La società tedesca ha impugnato il provvedimento, sostenendo che il divieto violasse l’articolo 15, paragrafo 2, della direttiva 2006/123 sui servizi nel mercato interno, che vieta agli Stati membri di introdurre requisiti discriminatori per l’accesso a determinate attività di servizi.
Il Consiglio di disciplina degli avvocati della Baviera, investito della questione, ha chiesto un chiarimento alla Corte di Giustizia dell’Unione Europea. La Corte ha stabilito che, in questo caso, la limitazione non è discriminatoria né sproporzionata, in quanto giustificata dalla necessità di garantire l’indipendenza e l’integrità della professione forense.
L’indipendenza degli avvocati come “motivo imperativo di interesse generale”
Il cuore della sentenza è la difesa dell’indipendenza della professione di avvocato. La Corte ha sottolineato che il corretto esercizio della professione forense non può essere condizionato da interessi economici di investitori esterni. Gli avvocati devono operare esclusivamente nell’interesse dei clienti e nel rispetto del segreto professionale, principi che potrebbero essere compromessi dalla presenza di soggetti estranei alla professione.
“Le considerazioni di natura economica orientate verso il profitto a breve termine dell’investitore puramente finanziario potrebbero prevalere su quelle guidate dalla difesa dell’interesse dei clienti”, scrivono i giudici europei.
Per queste ragioni, la Corte ha ritenuto legittimo il divieto di partecipazione dei cosiddetti “soci di capitale” nelle società di avvocati, evidenziando che tale restrizione rientra tra le misure proporzionate e necessarie per garantire l’interesse pubblico.
I criteri di proporzionalità e non discriminazione
Pur ammettendo la possibilità di imporre limiti alla detenzione di quote, la Corte ha specificato che le misure adottate dagli Stati membri devono rispettare i principi di proporzionalità e non discriminazione. Ciò significa che il divieto non può essere applicato solo a società con sede in altri Stati membri o basarsi sulla cittadinanza dei soci, ma deve valere per tutti i soggetti che non siano avvocati.

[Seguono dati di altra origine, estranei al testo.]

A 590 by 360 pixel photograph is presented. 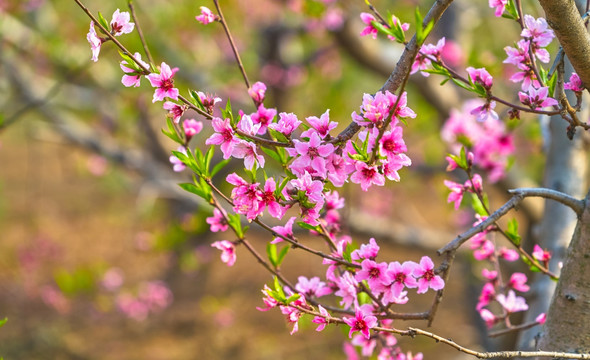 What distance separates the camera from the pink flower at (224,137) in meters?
1.20

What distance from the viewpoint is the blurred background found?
4195 mm

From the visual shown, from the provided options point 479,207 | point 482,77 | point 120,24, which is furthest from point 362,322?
point 120,24

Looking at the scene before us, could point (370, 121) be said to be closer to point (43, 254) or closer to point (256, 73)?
point (256, 73)

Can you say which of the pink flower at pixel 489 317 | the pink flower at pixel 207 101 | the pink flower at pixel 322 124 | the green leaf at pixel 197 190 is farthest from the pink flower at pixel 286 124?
the pink flower at pixel 489 317

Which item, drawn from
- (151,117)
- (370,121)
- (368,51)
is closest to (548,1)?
(370,121)

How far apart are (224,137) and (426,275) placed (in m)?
0.55

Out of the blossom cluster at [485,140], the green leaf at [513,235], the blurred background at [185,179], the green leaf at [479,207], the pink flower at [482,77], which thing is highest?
the blossom cluster at [485,140]

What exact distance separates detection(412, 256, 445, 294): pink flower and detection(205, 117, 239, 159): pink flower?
49 centimetres

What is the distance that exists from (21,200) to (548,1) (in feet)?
34.5

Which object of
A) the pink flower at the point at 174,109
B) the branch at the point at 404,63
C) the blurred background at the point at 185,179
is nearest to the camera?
the branch at the point at 404,63

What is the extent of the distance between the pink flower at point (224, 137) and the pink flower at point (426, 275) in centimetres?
49

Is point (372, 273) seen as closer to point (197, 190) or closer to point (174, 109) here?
point (197, 190)

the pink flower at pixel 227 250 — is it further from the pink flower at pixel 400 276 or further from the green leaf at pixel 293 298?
the pink flower at pixel 400 276

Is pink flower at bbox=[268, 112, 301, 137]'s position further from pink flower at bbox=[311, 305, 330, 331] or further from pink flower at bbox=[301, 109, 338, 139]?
pink flower at bbox=[311, 305, 330, 331] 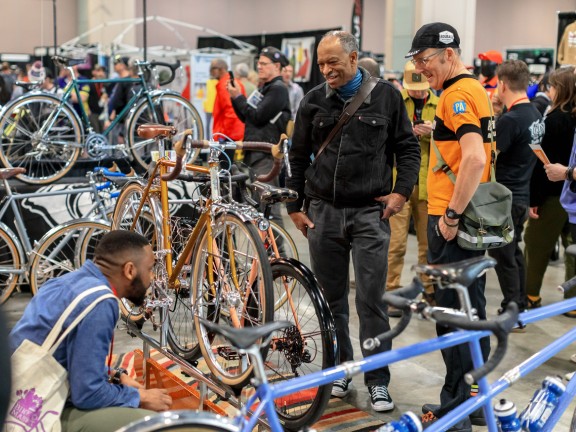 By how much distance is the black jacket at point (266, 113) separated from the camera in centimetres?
575

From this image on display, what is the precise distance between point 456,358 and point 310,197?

La Corte ha anche chiarito che le limitazioni devono essere proporzionate, ovvero non eccedere quanto strettamente necessario per raggiungere l’obiettivo prefissato, e che è necessario verificare se esistano misure meno restrittive per ottenere lo stesso risultato. In questo caso, però, il divieto di partecipazione di investitori finanziari è stato ritenuto compatibile con il diritto dell’Unione Europea.
Un messaggio forte per gli Stati membri e le società forensi
La sentenza della Corte UE avrà un impatto significativo sugli ordinamenti nazionali, poiché riguarda non solo la Germania, ma anche altri Paesi in cui le regole di partecipazione nelle società di avvocati sono più flessibili. La decisione costituisce un precedente importante e potrebbe spingere gli Stati membri a rivedere la propria normativa interna.
L’obiettivo è chiaro: evitare che soggetti esterni alla professione possano condizionare le scelte strategiche e operative di una società di avvocati, garantendo così ai clienti il massimo livello di tutela.
Implicazioni per l’Italia
In Italia, la legge già prevede che i soci delle STP (società tra professionisti) debbano essere iscritti agli albi professionali. Tuttavia, la sentenza della Corte di Giustizia potrebbe rafforzare questo principio, impedendo la partecipazione anche di soci non operativi o di “capitale puro”.
Nel nostro ordinamento, il concetto di “socio di capitale” nelle STP è stato oggetto di dibattito, con richieste di maggiore flessibilità per facilitare l’accesso a risorse finanziarie esterne. La pronuncia della Corte UE chiude, almeno in parte, a queste ipotesi, ribadendo la priorità del rispetto dei doveri deontologici e della riservatezza professionale.